- [THE PROBLEM] Take the records below and set down exactly the lines from the one with "Tristar FR-6998 Forno Crispy Fryer 9" to the one with "MAKE UP FOREVER", ends included; do not copy the pictures.

- [DATA SUPPLIED]
§ §
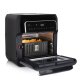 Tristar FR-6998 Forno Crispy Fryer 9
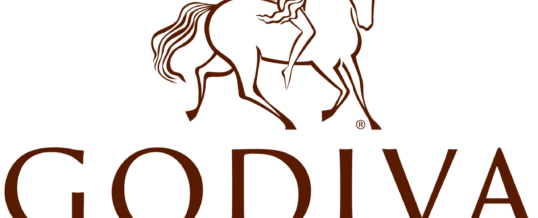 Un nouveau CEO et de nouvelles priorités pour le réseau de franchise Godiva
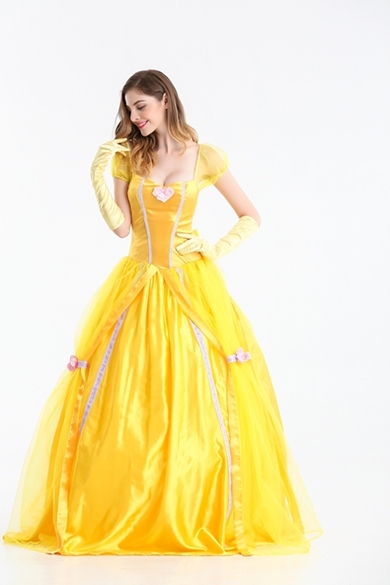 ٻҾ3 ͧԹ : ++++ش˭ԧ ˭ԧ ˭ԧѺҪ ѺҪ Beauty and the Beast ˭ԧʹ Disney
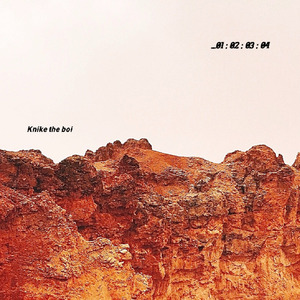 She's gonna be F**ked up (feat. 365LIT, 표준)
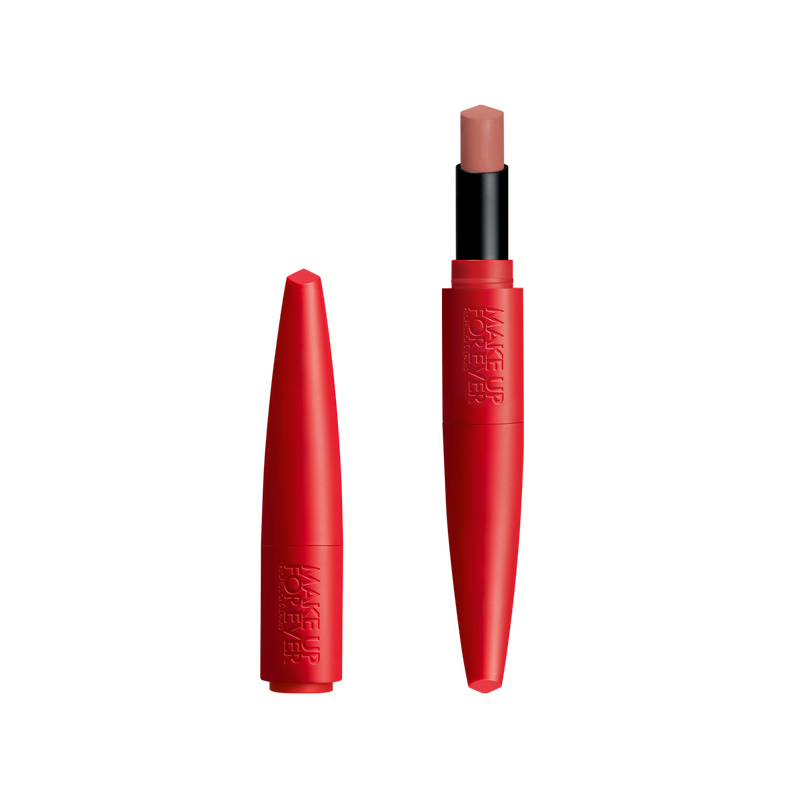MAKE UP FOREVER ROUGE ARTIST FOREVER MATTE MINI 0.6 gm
§ §
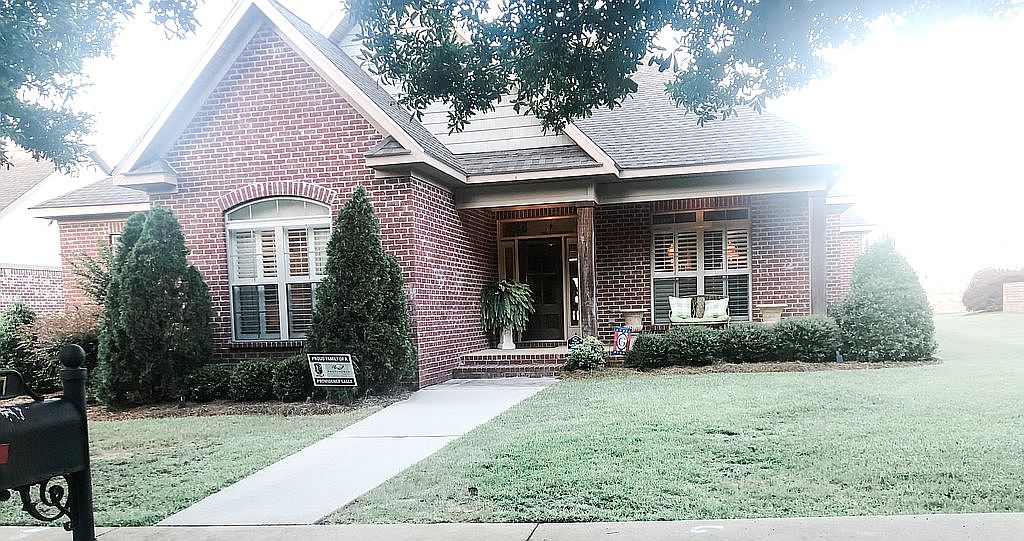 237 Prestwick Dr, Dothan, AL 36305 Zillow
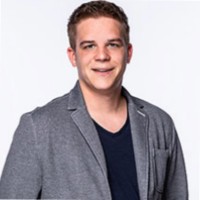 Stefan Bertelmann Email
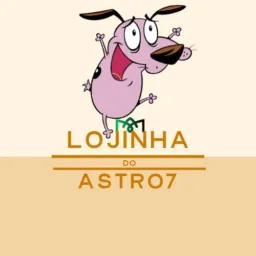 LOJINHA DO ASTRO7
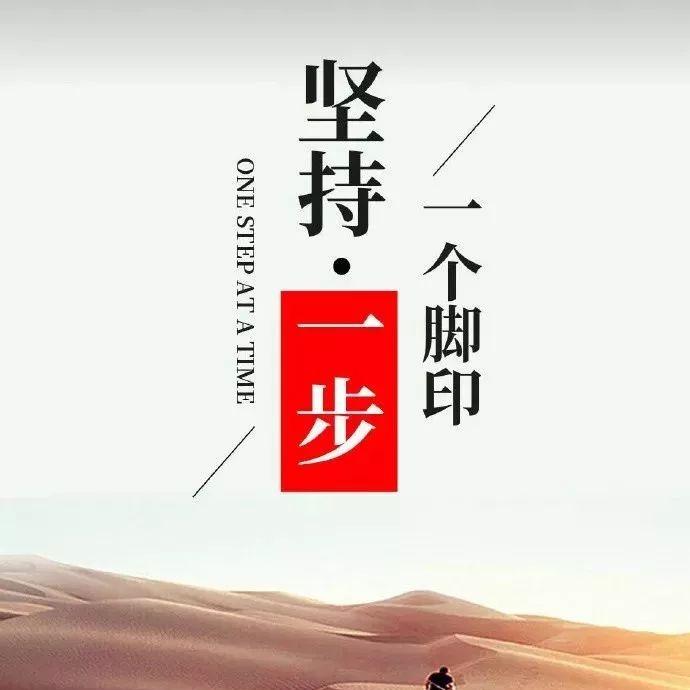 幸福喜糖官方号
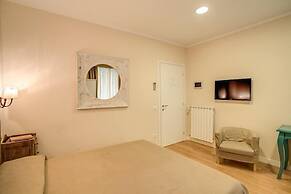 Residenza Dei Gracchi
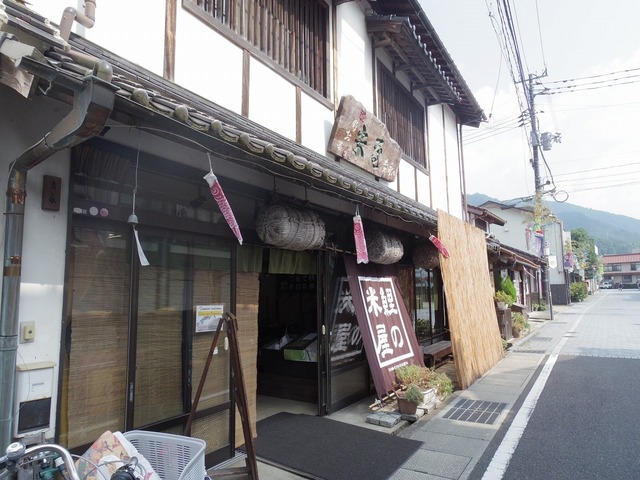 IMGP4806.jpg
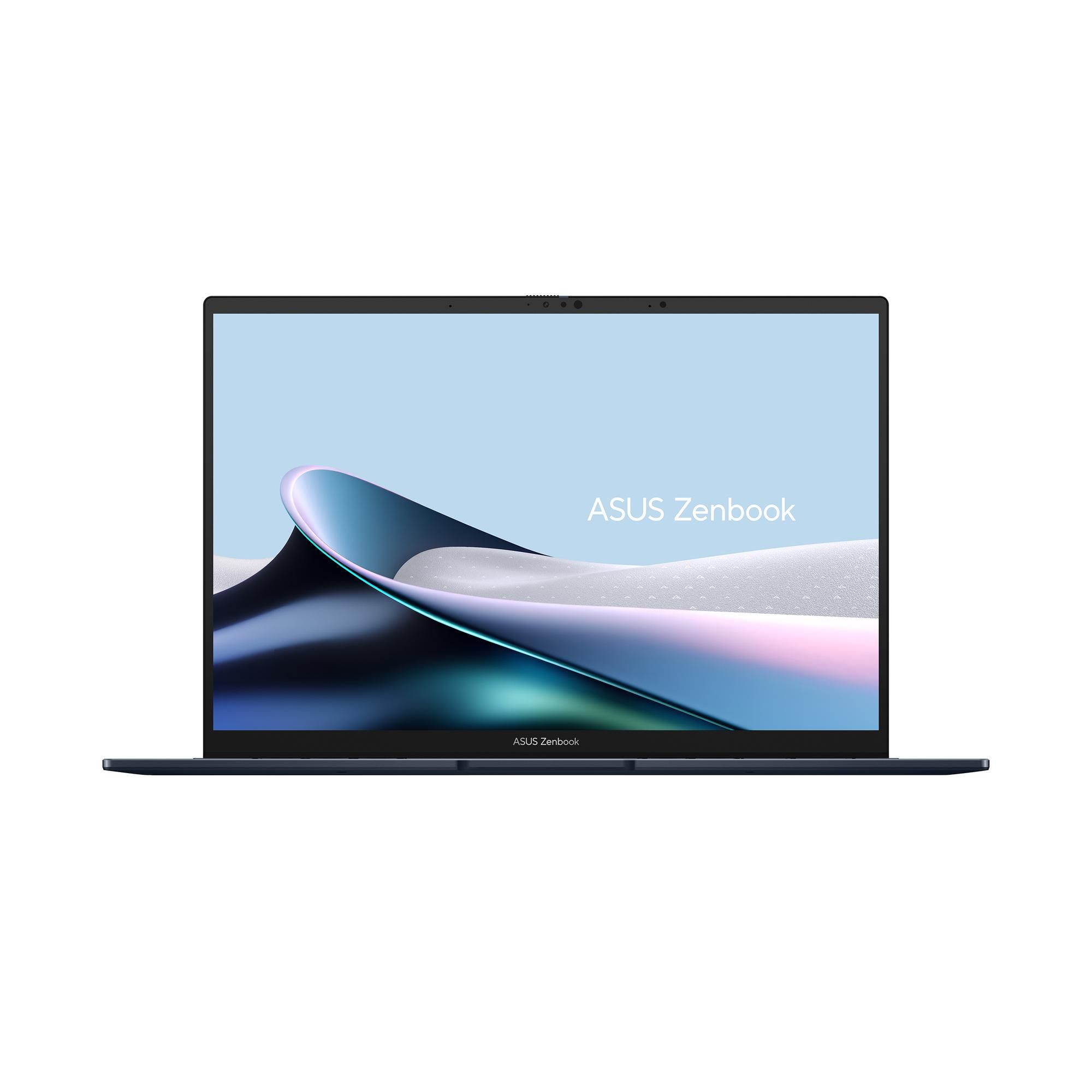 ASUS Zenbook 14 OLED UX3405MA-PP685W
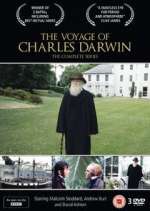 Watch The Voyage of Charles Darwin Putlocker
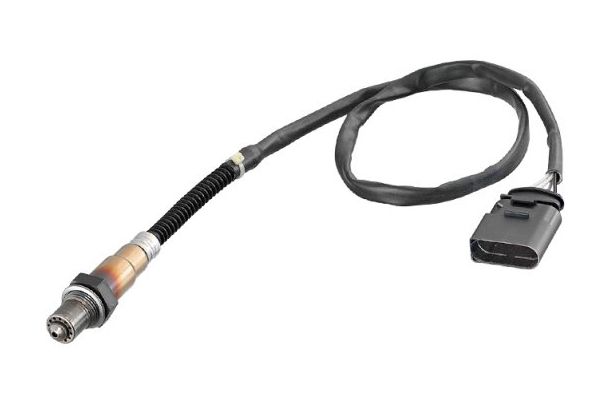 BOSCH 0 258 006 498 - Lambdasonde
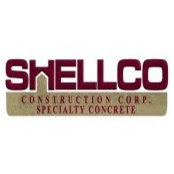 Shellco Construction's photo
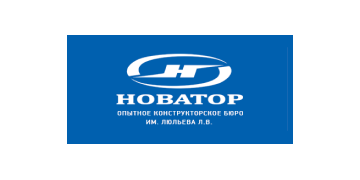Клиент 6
§ §
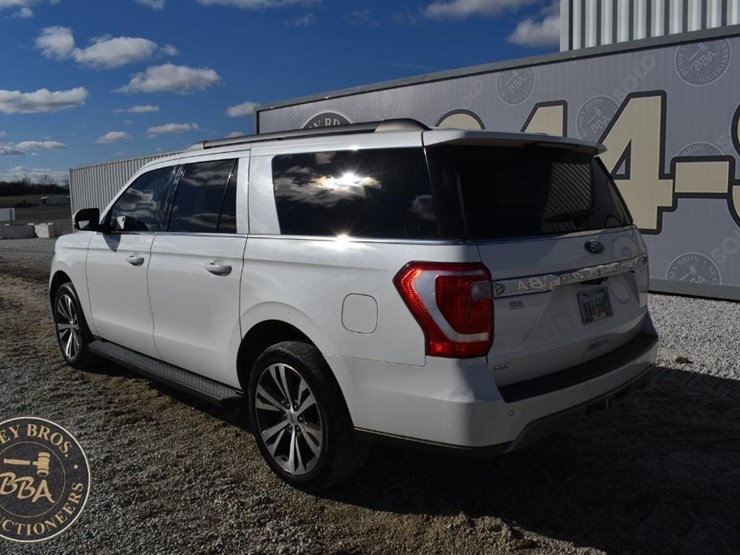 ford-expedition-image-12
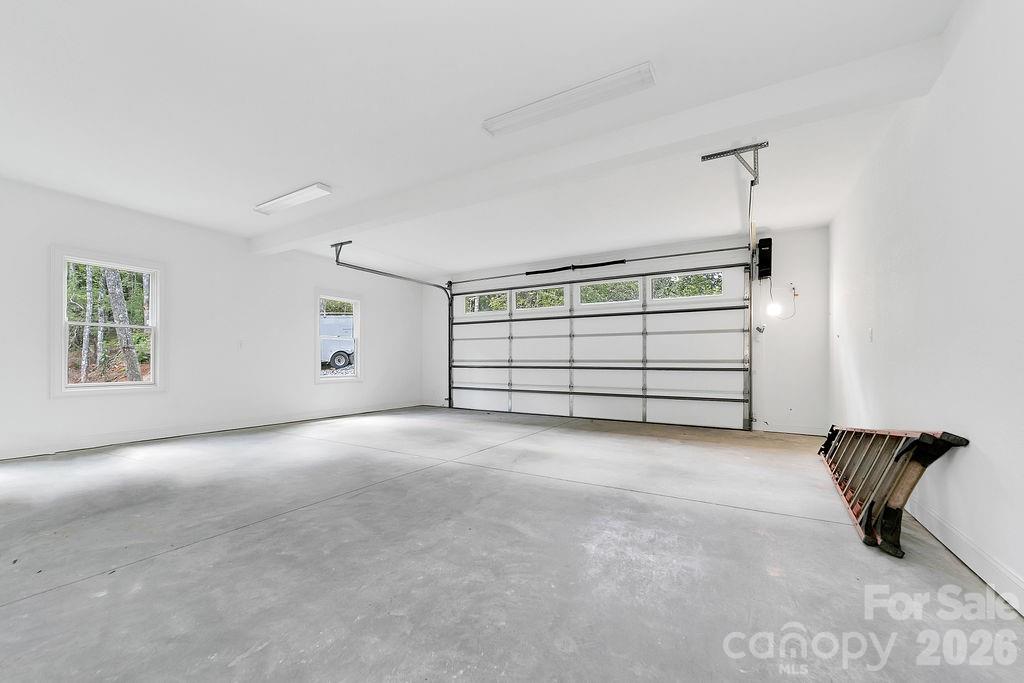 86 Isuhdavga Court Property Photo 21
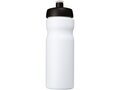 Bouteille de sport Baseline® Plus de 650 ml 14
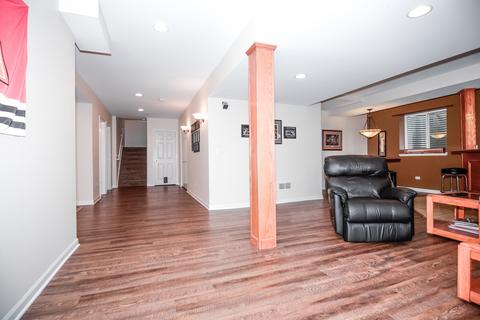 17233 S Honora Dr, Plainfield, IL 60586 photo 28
§ §
- [OUTPUT BELOW]
 Tristar FR-6998 Forno Crispy Fryer 9
 Un nouveau CEO et de nouvelles priorités pour le réseau de franchise Godiva
 ٻҾ3 ͧԹ : ++++ش˭ԧ ˭ԧ ˭ԧѺҪ ѺҪ Beauty and the Beast ˭ԧʹ Disney
 She's gonna be F**ked up (feat. 365LIT, 표준)
MAKE UP FOREVER ROUGE ARTIST FOREVER MATTE MINI 0.6 gm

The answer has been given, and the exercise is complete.